#### [Scraped caption text data]

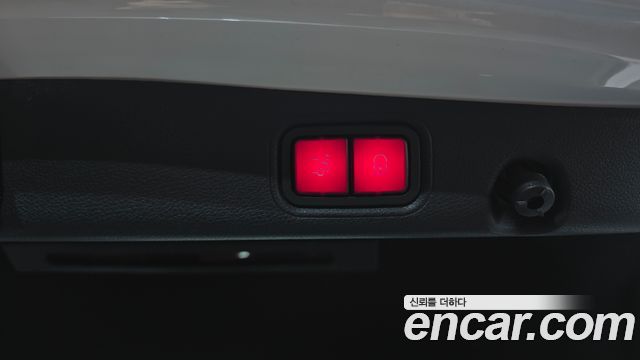 Mercedes-Benz E-Class E250 Avantgarde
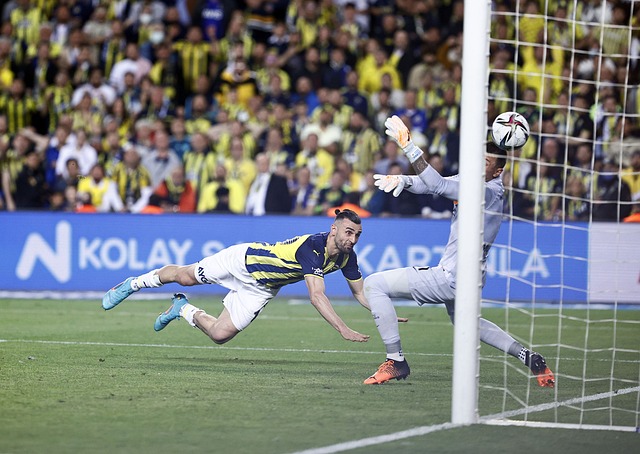 团队即便遭 团队即便遭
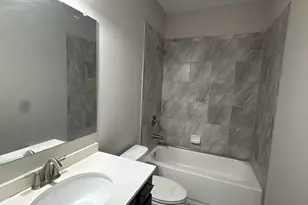 620 Leland Pkwy, Cumming, GA 30041 - Photo 17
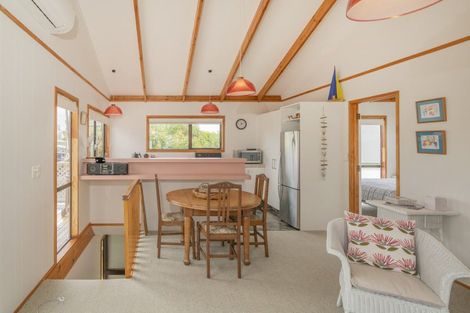 Photo of property in 10a Golden Hills Drive, Pauanui, Hikuai, 3579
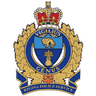 Regina Police Service logo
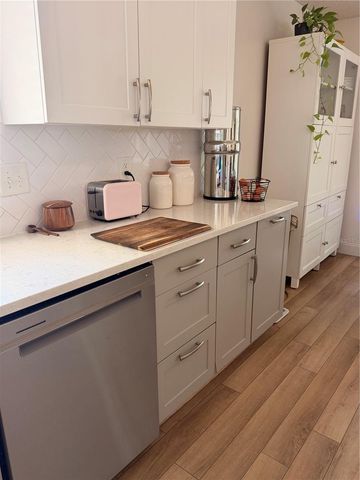 9504 CANNON DRIVE, Orlando, FL 32817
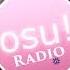 Osu Radio 2h30 Mix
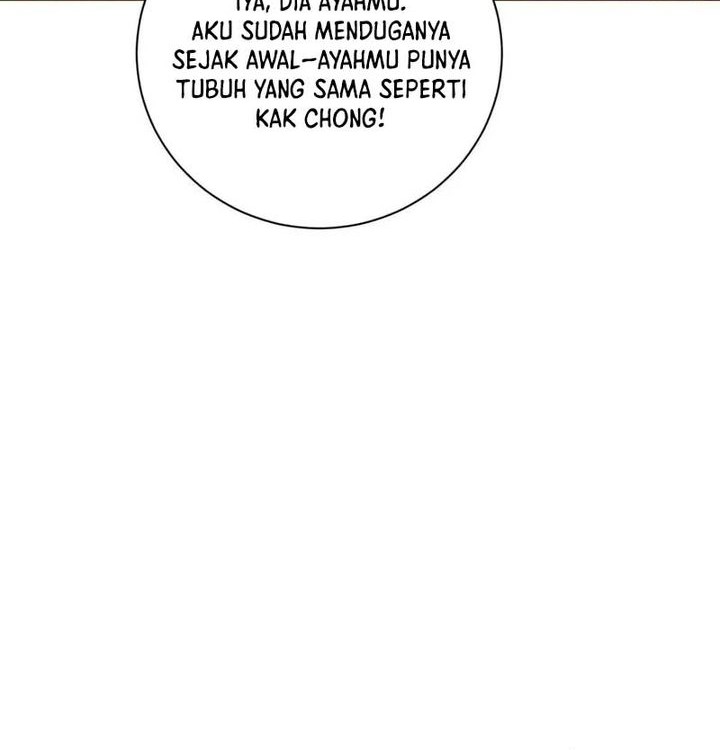 Rebirth in the Apocalypse: I Reach the Top by Opening Boxes Chapter 43 Gambar 20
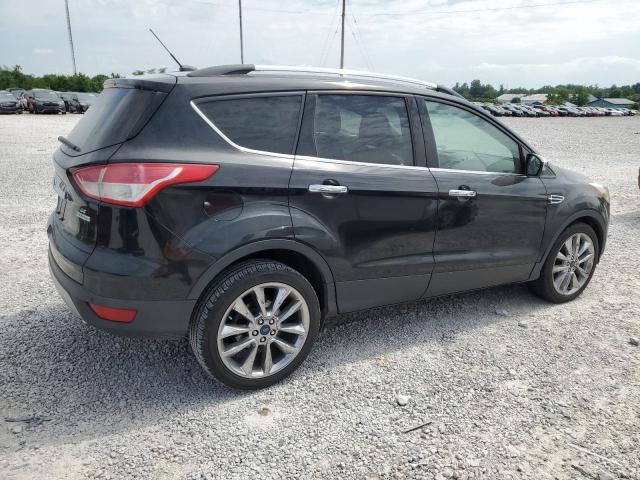 Vin: 1fmcu0gx6eue50039, lot: 59676085, ford escape se 20143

#### [Task to complete]
The reply should repeat the data in full, exactly as given, and contain no pictures.

#### [Task answer]
 Mercedes-Benz E-Class E250 Avantgarde
 团队即便遭 团队即便遭
 620 Leland Pkwy, Cumming, GA 30041 - Photo 17
 Photo of property in 10a Golden Hills Drive, Pauanui, Hikuai, 3579
 Regina Police Service logo
 9504 CANNON DRIVE, Orlando, FL 32817
 Osu Radio 2h30 Mix
 Rebirth in the Apocalypse: I Reach the Top by Opening Boxes Chapter 43 Gambar 20
 Vin: 1fmcu0gx6eue50039, lot: 59676085, ford escape se 20143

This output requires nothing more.